----- DATA EXTRACT

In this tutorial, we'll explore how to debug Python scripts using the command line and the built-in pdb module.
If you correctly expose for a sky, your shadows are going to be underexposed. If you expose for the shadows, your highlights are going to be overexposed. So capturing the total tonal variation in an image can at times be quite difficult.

----------
----- DATA EXTRACT

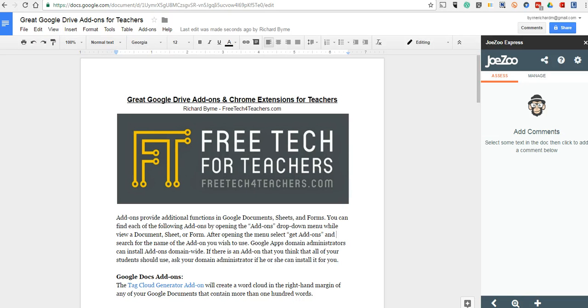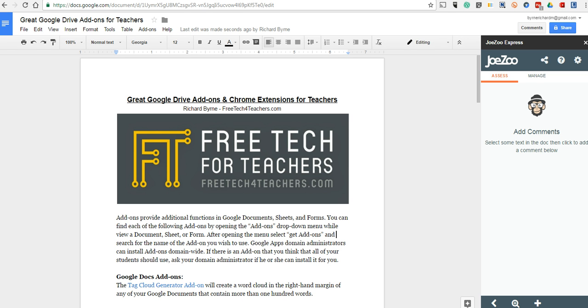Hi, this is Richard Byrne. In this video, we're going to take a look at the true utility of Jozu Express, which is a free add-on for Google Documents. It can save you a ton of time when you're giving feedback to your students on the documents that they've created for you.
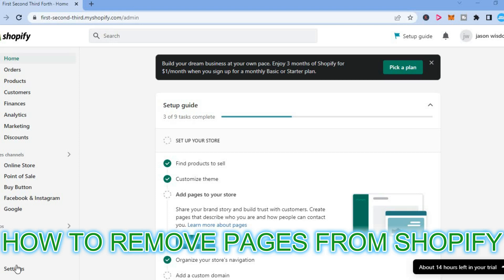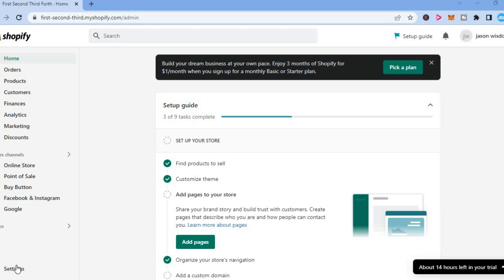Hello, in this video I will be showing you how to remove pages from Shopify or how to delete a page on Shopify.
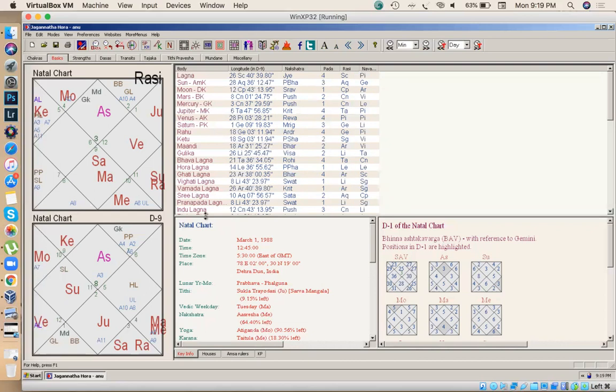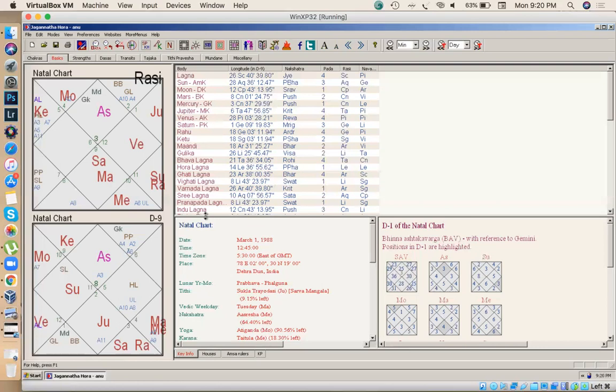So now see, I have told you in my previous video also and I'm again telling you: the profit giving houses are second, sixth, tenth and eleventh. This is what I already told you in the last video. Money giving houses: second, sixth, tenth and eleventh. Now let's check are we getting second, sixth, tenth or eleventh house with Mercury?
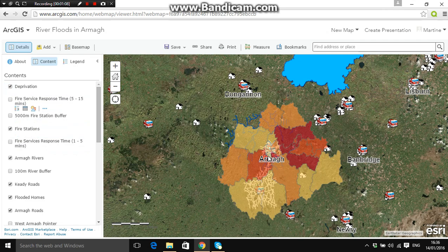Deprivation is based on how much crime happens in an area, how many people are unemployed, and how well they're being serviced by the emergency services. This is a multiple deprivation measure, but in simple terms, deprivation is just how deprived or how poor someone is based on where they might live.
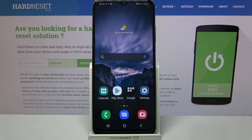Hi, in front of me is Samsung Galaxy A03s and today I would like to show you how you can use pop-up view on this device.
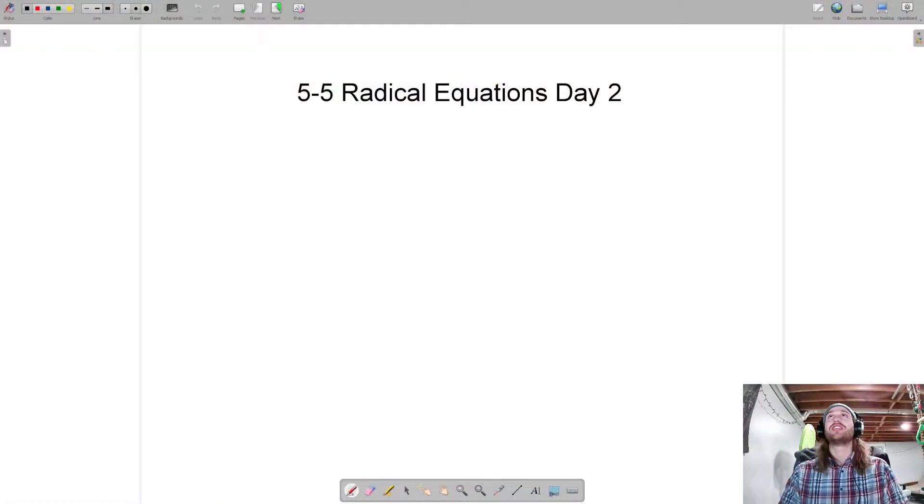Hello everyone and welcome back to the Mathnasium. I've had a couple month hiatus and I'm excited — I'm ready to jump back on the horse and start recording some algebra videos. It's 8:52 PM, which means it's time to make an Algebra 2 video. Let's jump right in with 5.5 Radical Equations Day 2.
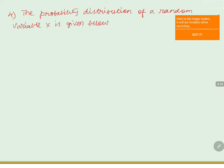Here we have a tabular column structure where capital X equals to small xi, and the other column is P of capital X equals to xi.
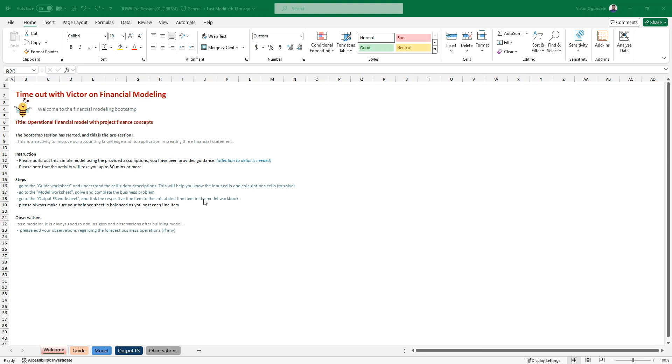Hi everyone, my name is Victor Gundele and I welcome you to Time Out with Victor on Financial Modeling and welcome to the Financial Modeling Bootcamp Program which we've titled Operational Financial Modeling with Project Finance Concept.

----------
----- DATA EXTRACT

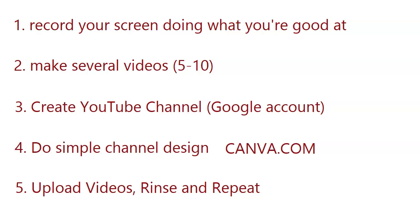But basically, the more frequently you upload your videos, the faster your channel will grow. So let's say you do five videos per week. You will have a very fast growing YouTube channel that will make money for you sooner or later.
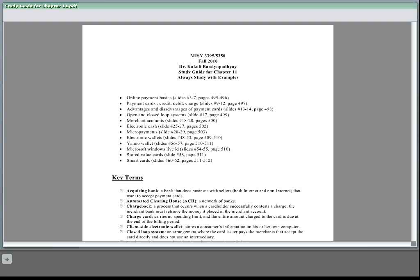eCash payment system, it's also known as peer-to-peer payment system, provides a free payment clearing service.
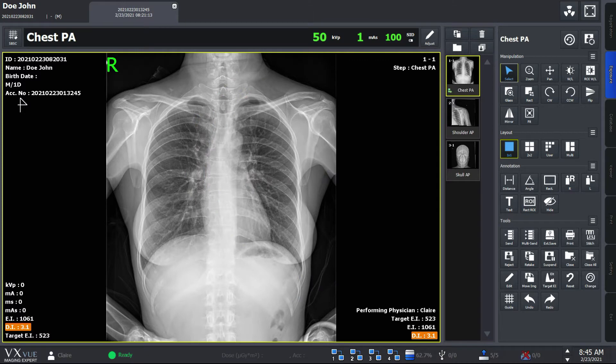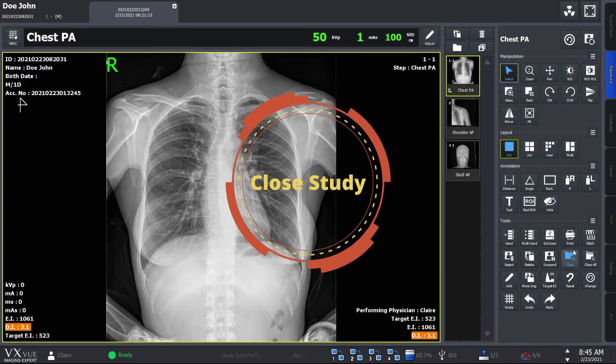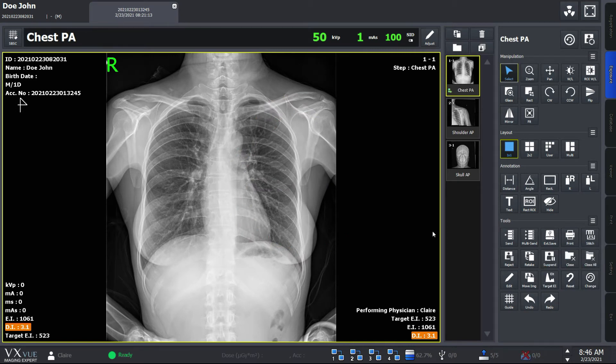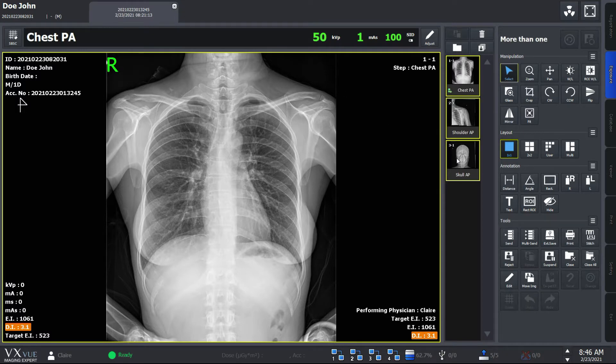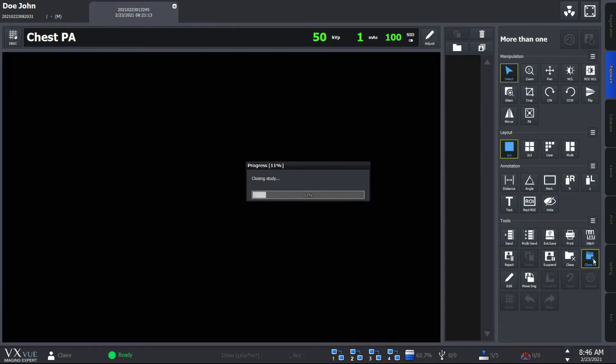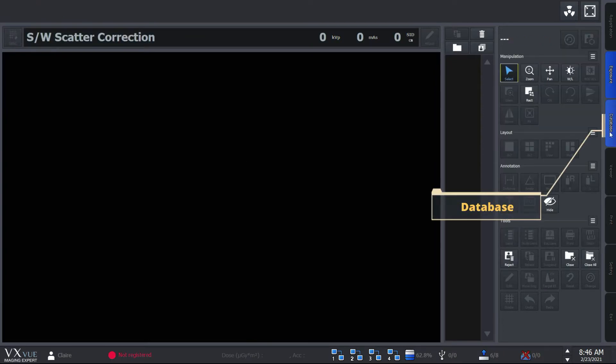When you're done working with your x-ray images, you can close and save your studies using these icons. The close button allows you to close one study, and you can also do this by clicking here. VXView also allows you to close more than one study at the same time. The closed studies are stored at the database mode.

----------

TASK TO COMPLETE
Word for word, restate the lines above from the one with "Hi, this is" through the one with "Here we have", keeping both ends and dropping the pictures.

RESULT OF THIS TASK
Hi, this is Richard Byrne. In this video, we're going to take a look at the true utility of Jozu Express, which is a free add-on for Google Documents. It can save you a ton of time when you're giving feedback to your students on the documents that they've created for you.
Hello, in this video I will be showing you how to remove pages from Shopify or how to delete a page on Shopify.
So now see, I have told you in my previous video also and I'm again telling you: the profit giving houses are second, sixth, tenth and eleventh. This is what I already told you in the last video. Money giving houses: second, sixth, tenth and eleventh. Now let's check are we getting second, sixth, tenth or eleventh house with Mercury?
Deprivation is based on how much crime happens in an area, how many people are unemployed, and how well they're being serviced by the emergency services. This is a multiple deprivation measure, but in simple terms, deprivation is just how deprived or how poor someone is based on where they might live.
Hi, in front of me is Samsung Galaxy A03s and today I would like to show you how you can use pop-up view on this device.
Hello everyone and welcome back to the Mathnasium. I've had a couple month hiatus and I'm excited — I'm ready to jump back on the horse and start recording some algebra videos. It's 8:52 PM, which means it's time to make an Algebra 2 video. Let's jump right in with 5.5 Radical Equations Day 2.
Here we have a tabular column structure where capital X equals to small xi, and the other column is P of capital X equals to xi.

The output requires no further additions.